Lorsqu’il était au pouvoir, Mulroney dirigeait le Parti progressiste-conservateur. Après son retrait de la vie politique, Mulroney ne s’est jamais senti à l’aise au sein du Parti conservateur du Canada rebaptisé, né de la fusion du Parti progressiste-conservateur et de l’Alliance canadienne en 2003.

Mulroney et Trudeau sont sur des chaises sur une scène et Mulroney se penche sur Trudeau pour lui parler
Le premier ministre Justin Trudeau et l’ancien premier ministre Brian Mulroney discutent pendant le Forum économique atlantique à l’Université St. Francis Xavier à Antigonish, N.-É., le 19 juin 2023. L’événement a été l’une des dernières fois où Brian Mulroney est apparu en public. La Presse canadienne/Darren Calabrese

Lors de l’un de ses derniers grands événements publics en juin 2023, Brian Mulroney s’est assis sur la scène avec Justin Trudeau à l’Université St. Francis Xavier, l’institution de Nouvelle-Écosse dont M. Mulroney est diplômé. Mulroney a fait l’éloge du premier ministre actuel, à tel point que Trudeau a déclaré : « C’est… embarrassant quand vous parlez de moi en des termes aussi élogieux ».

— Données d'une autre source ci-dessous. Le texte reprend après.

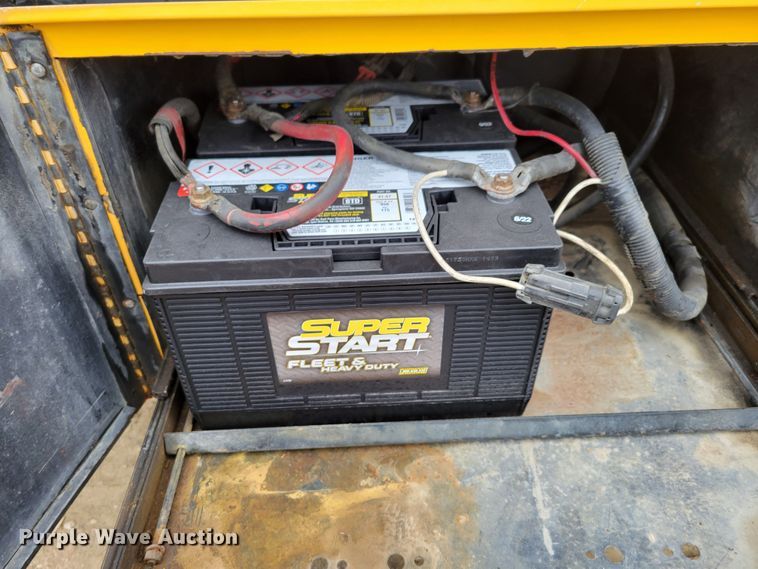 image for item DM8162 2000 International 3800  school bus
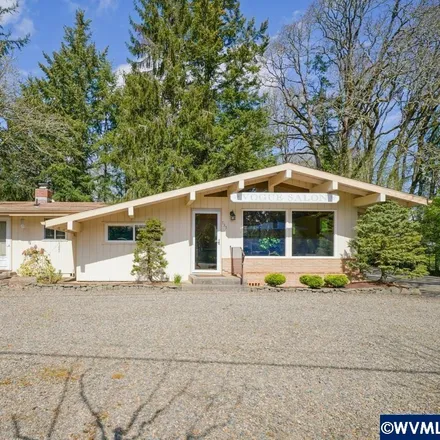 Buy this 3 bed house on 811 Madrona Avenue South in Salem, OR 97302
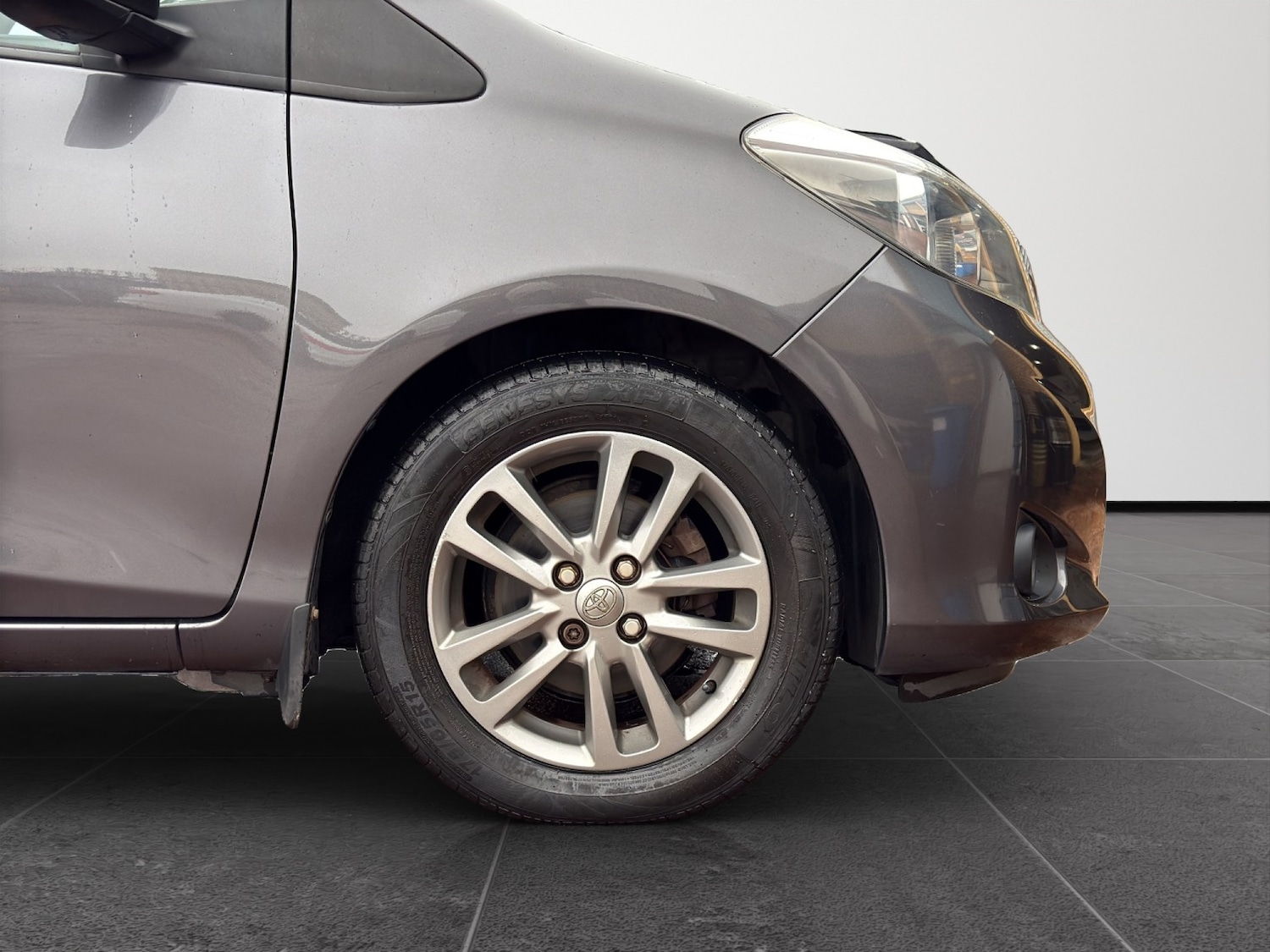 Used Toyota Yaris 2014 for sale - 77851465: Photo 23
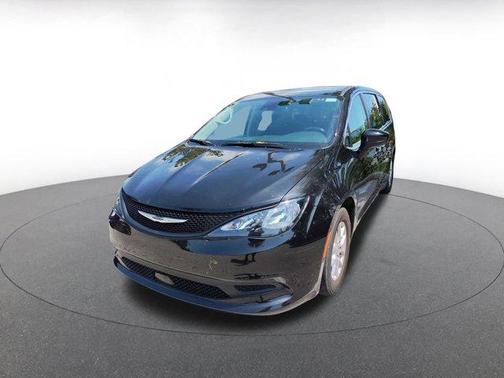 2024 Chrysler Voyager LX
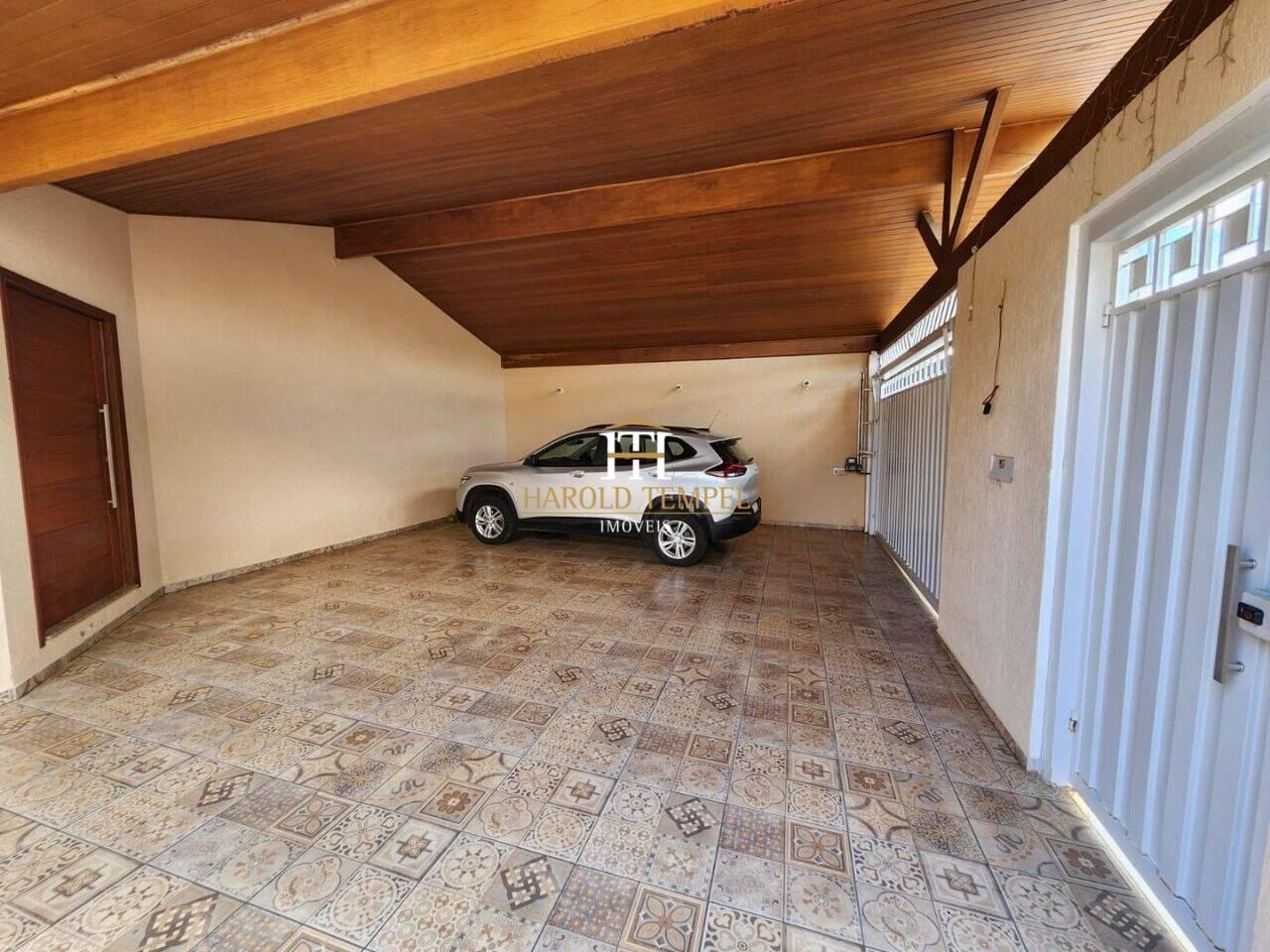 Casa com 3 quartos, 235 m², à venda por R$ 800.000 - Jardim Central Prícoli - Mococa/SP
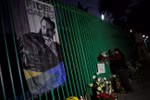 Người dân Cuba thắp nến tưởng niệm Lãnh tụ Fidel Castro tại La Habana ngày 26/11. (Nguồn: AP/TTXVN)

L’héritage de Mulroney laisse néanmoins perplexe. Il a été un homme politique charismatique qui a mené son parti à deux gouvernements majoritaires. Il a aussi été un premier ministre qui a apporté des changements majeurs et durables à l’économie canadienne ainsi qu’un chef d’entreprise prospère avant et après ses années de politique.

Mais il a aussi été un premier ministre qui n’a pas réussi à mettre en place les réformes constitutionnelles qui semblaient à sa portée et un dirigeant qui a déclenché des perturbations politiques dans sa province d’origine. Ces bouleversements ont d’ailleurs encore un impact sur le paysage politique canadien des décennies après son départ.